Они встали на якорь у западного берега острова Дун, с тем чтобы позавтракать мясными пирожками и бутербродами с кресс-салатом, и вдруг Боб Флауэр, взглянув на казармы, вспомнил про своего приятеля, который недавно был послан в должности адъютанта в расквартированный на острове батальон, и тотчас же поступило предложение всему обществу сойти на берег, пройтись до офицерских казарм и попытаться его найти. Джон взглянул на невинное личико своей сестры, и ему пришло в голову, что, возможно, Дик Фокс в этот самый момент наблюдает за ней из своей комнаты, вооружившись подзорной трубой.

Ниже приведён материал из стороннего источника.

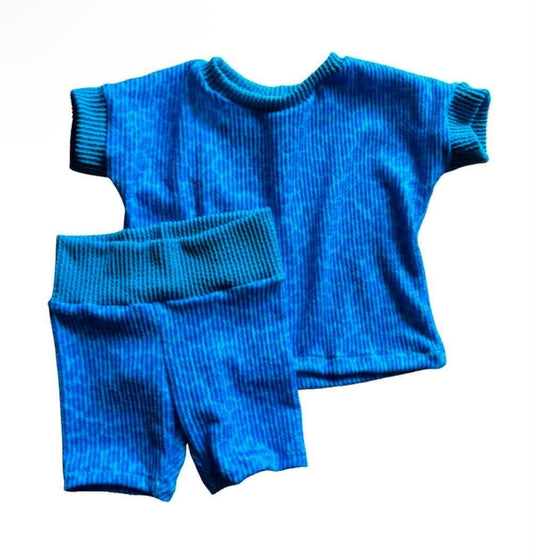 Light Blue Leopard Lounge Set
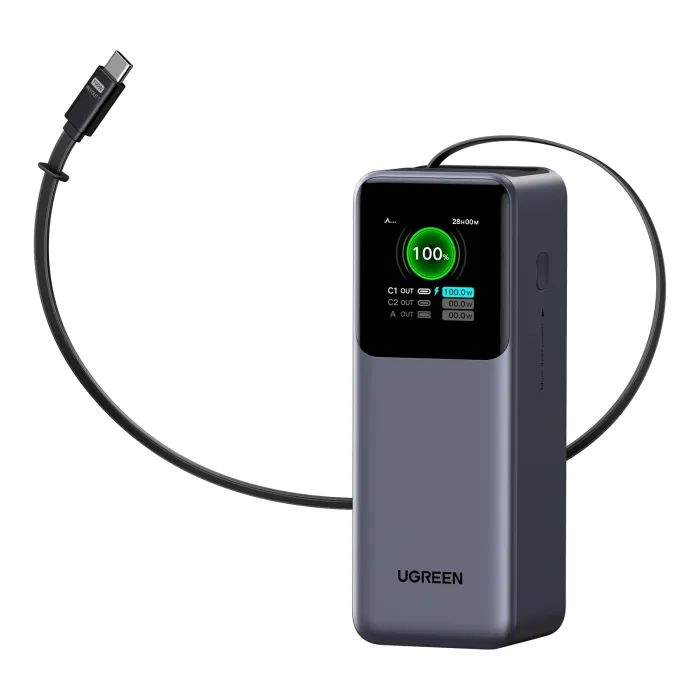 Батарея универсальная Ugreen 20000mAh 165W with Retractable Cable (PB726 55987B) изображение 4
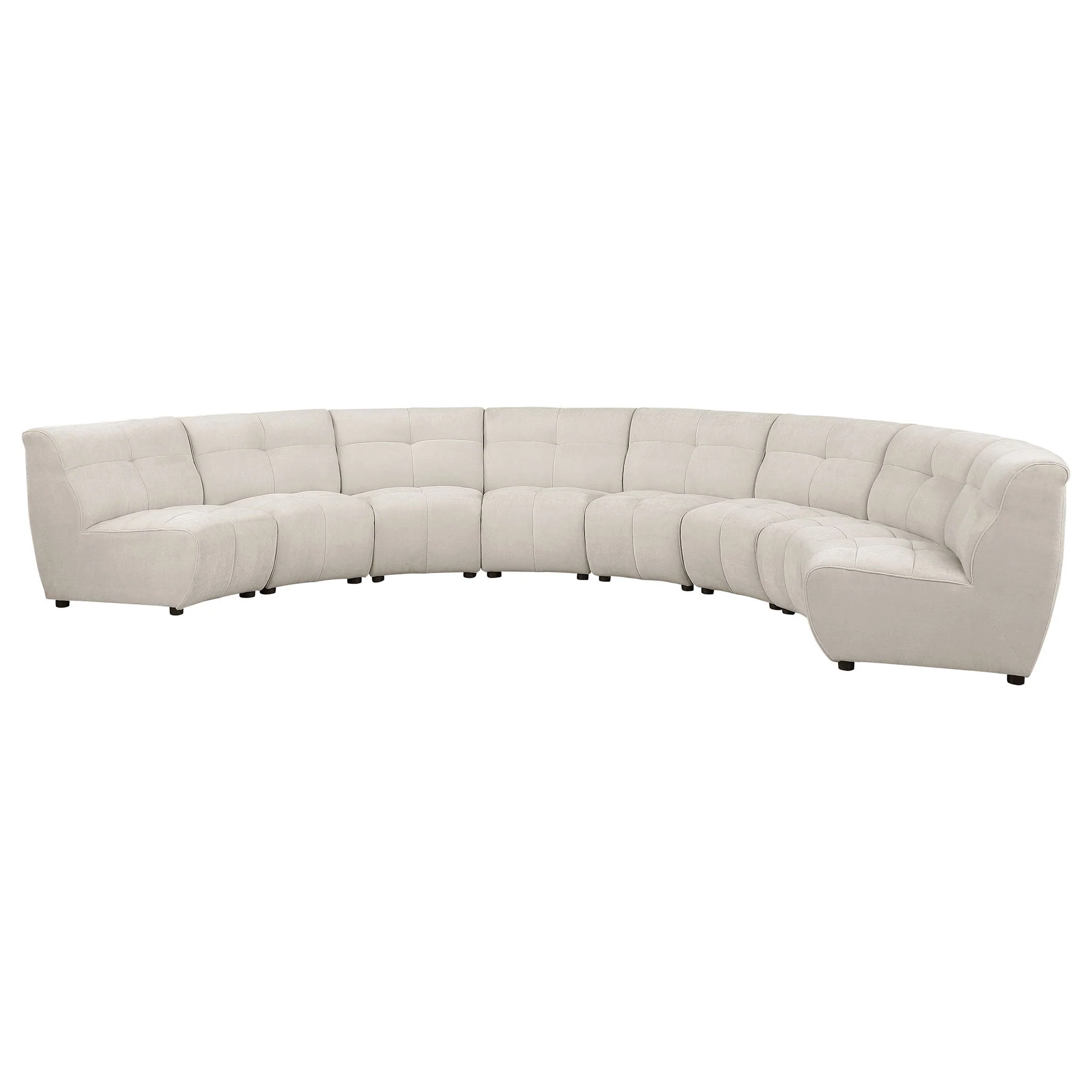 Sycamore - 8 Piece Upholstered Sectional Sofa With Curved Design - Ivory - Image 3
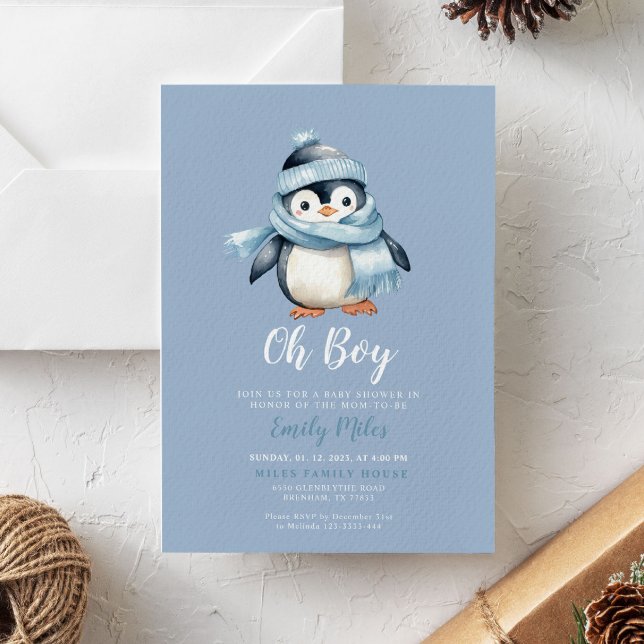 Blue Winter Penguin Baby Shower Invitation (Creator Uploaded)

Когда яхта подошла к пристани, Фанни-Роза заявила, что не желает сходить на берег, она приехала сюда для того, чтобы любоваться водой, а вовсе не для того, чтобы угощаться сомнительного качества кларетом в гостиной у офицеров, а с Джейн ничего худого не случится под эскортом такого положительного человека, как Боб; ведь всем известно, что Боб – воплощенная осмотрительность. Итак, Джейн, очень хорошенькая и застенчивая, сошла на берег, опираясь на надежную руку Боба, и конечно же, исключительно по счастливой случайности на тропинке в этот момент появился лейтенант Фокс, направляясь им навстречу.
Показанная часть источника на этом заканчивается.